Bab delapan belas: Rubah Bulan Hati

Taman Menara Sihir Takdir Langit Tak Berujung 2496kata 2026-03-05 19:07:29

"Kalian... halo!"
Saat melihat Murong Xun bergegas mendekat, dari balik bayangan perlahan muncul seorang pria yang menyapa mereka dengan ramah.

Langkah Murong Xun yang tadinya tergesa langsung terhenti. Ia memandang pria yang tiba-tiba muncul itu dengan tatapan penuh keraguan.

"Kakak senior?"

Melihat pria itu, wajah Zhang Jiao tampak sangat terkejut dan senang. "Kenapa kau ada di sini?" Melihat seseorang yang dikenalnya, apalagi itu adalah orang yang ia sukai, ia tak bisa menahan diri untuk berlari mendekat.

Xu Ying segera menarik tangannya dan menggeleng pelan.

Zhang Jiao menoleh kebingungan.

"Oh, adik kelas rupanya!"
Yang muncul adalah seorang pemuda berwajah tampan, memakai kacamata, dan tampak sangat berwawasan.

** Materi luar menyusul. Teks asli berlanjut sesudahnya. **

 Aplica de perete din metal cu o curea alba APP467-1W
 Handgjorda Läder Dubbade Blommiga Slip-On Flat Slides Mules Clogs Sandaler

"Aku memang sedang dalam perjalanan kembali ke asrama. Kalian kenapa ada di sini?"

Murong Xun memandang pria itu, merasa ada yang tidak beres. Bukankah tempat ini aneh? Namun, bahkan saat ia memindai dengan kemampuannya, ia tidak menemukan kejanggalan apa pun. Pria ini terlihat seperti mahasiswa biasa.

"Kami..."
Zhang Jiao hendak menjelaskan, namun tiba-tiba terhenti. Apa yang harus ia katakan? Bahwa mereka mengalami kejadian supranatural lalu tiba-tiba terdampar di sini?

"Kebetulan aku juga mau pulang. Kalian mau ikut?"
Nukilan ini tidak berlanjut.